These sources relate to events at Burntollet Bridge on 4th January 1969. Why have these events produced such different historical interpretations. Refer to sources A to C and any other interpretations of the events from your studies to help you in your answer.
There are three sources that come from different understandings of what took place on the 4th of January 1969. These events happened on the last day of a four-day march from Belfast to Derry. The march was carried out by the People’s Democracy who was mostly made of students from Queen’s university, Belfast. There were riots at Derry before the march had started that were started by Reverend Ian Paisley who had provoked the Protestants by encouraging negative feelings towards the marchers. When the marchers arrived at Burntollet they were confronted by a group of Protestants that were waiting for them at the bridge.

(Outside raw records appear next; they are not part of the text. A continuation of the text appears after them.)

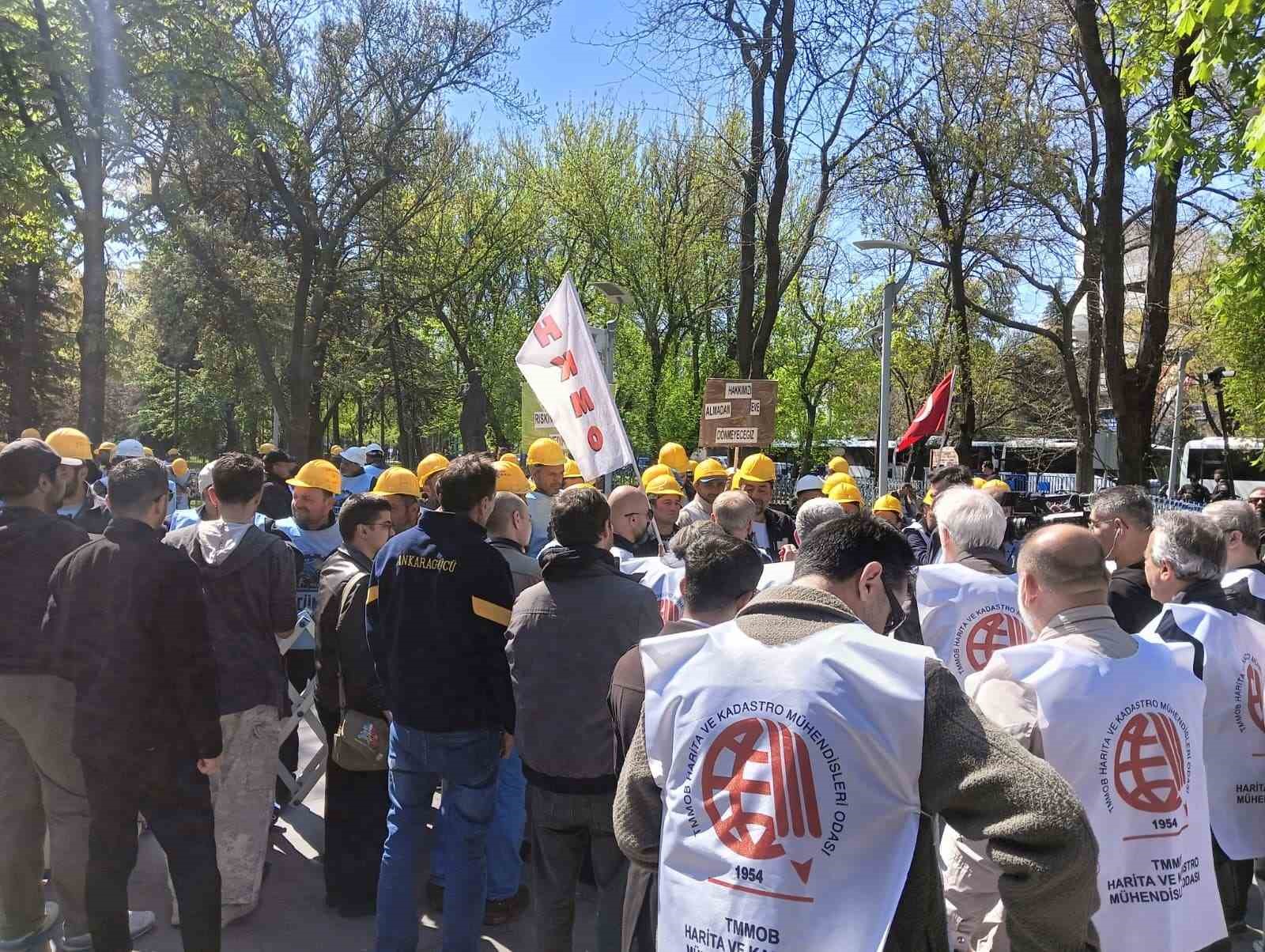 5 aydır maaş alamayan maden işçilerinin açlık grevi eylemi 6. gününde devam ediyor
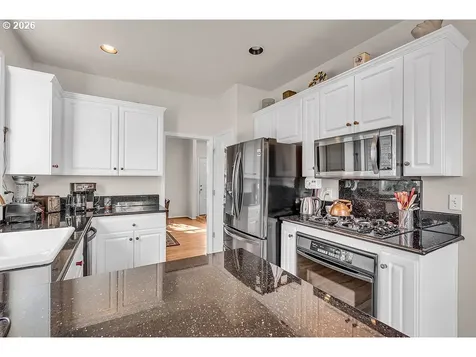 1224 SE 16th Avenue Canby OR 97013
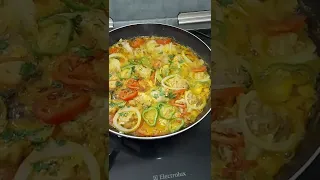 MOQUECA DE ARRAIA SUPER FÁCIL FICA UMA DELÍCIA !! RECEITA COMPLETA NO NOSSO CANAL, CORRE LÁ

The first source was written by Bernadette Devlin in 1969, it is an account from her autobiography called ‘The Price of My Soul’. She is a leading member of the Civil Rights movement; at the age of 21 she became the youngest woman to enter the House of Commons. She was one of the marchers at Burntollet and witnessed what happened but is likely that she will be bias towards other points of view. She starts by describing what happened when they arrived. “A curtain of bricks and boulders and bottles brought a march to a halt” she describes that the protestants ambushed the marchers and attacked them with several different types of weapons. Some marchers escaped but the rest were left behind. She also says that she witnessed one man being attacked by four or five ‘Paisleyites’ with a policeman looking on. “A few policemen were at least trying to stop us from being killed” but others were pleased that the marchers were getting “What, in their terms, we deserved.”